Exercise inputs below:

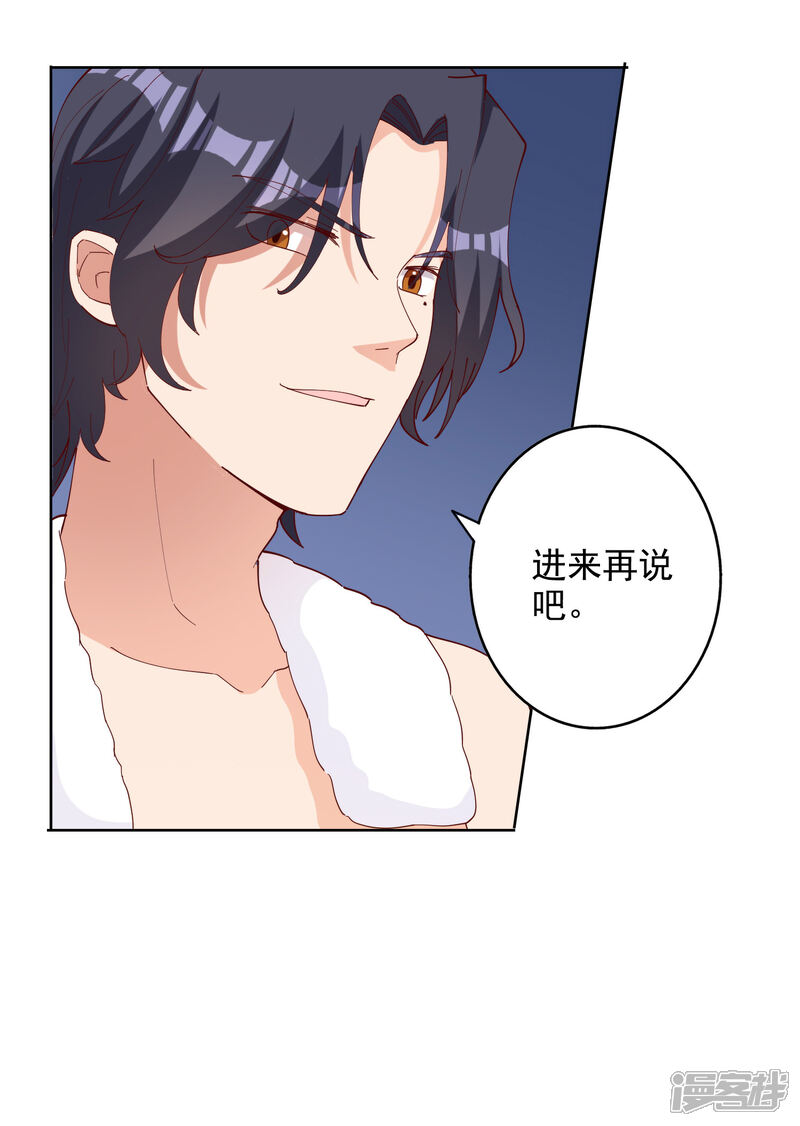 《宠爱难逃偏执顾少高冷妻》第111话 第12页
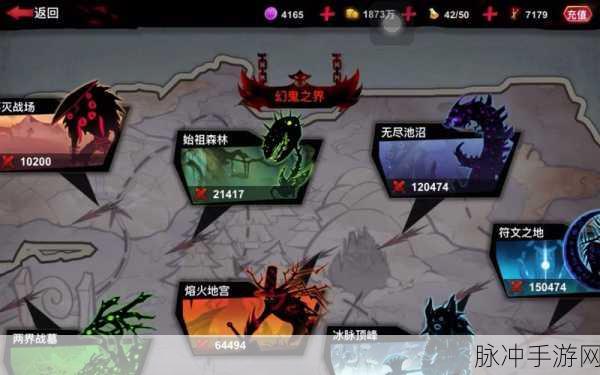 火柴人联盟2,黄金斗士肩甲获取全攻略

End of Exercise inputs.
Exercise inputs below:

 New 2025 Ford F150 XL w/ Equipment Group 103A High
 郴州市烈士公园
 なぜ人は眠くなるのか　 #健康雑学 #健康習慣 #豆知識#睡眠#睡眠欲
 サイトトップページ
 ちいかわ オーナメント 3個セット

End of Exercise inputs.

* _What you need to do_: Please return only the lines above, starting at the line that has "なぜ人は眠くなるのか　 #健康雑学 #健康習慣 #豆知識#睡眠#睡眠欲" and ending at the line that has "ちいかわ オーナメント 3個セット", keeping both and leaving each one unchanged.

* _Response to the task_:
 なぜ人は眠くなるのか　 #健康雑学 #健康習慣 #豆知識#睡眠#睡眠欲
 サイトトップページ
 ちいかわ オーナメント 3個セット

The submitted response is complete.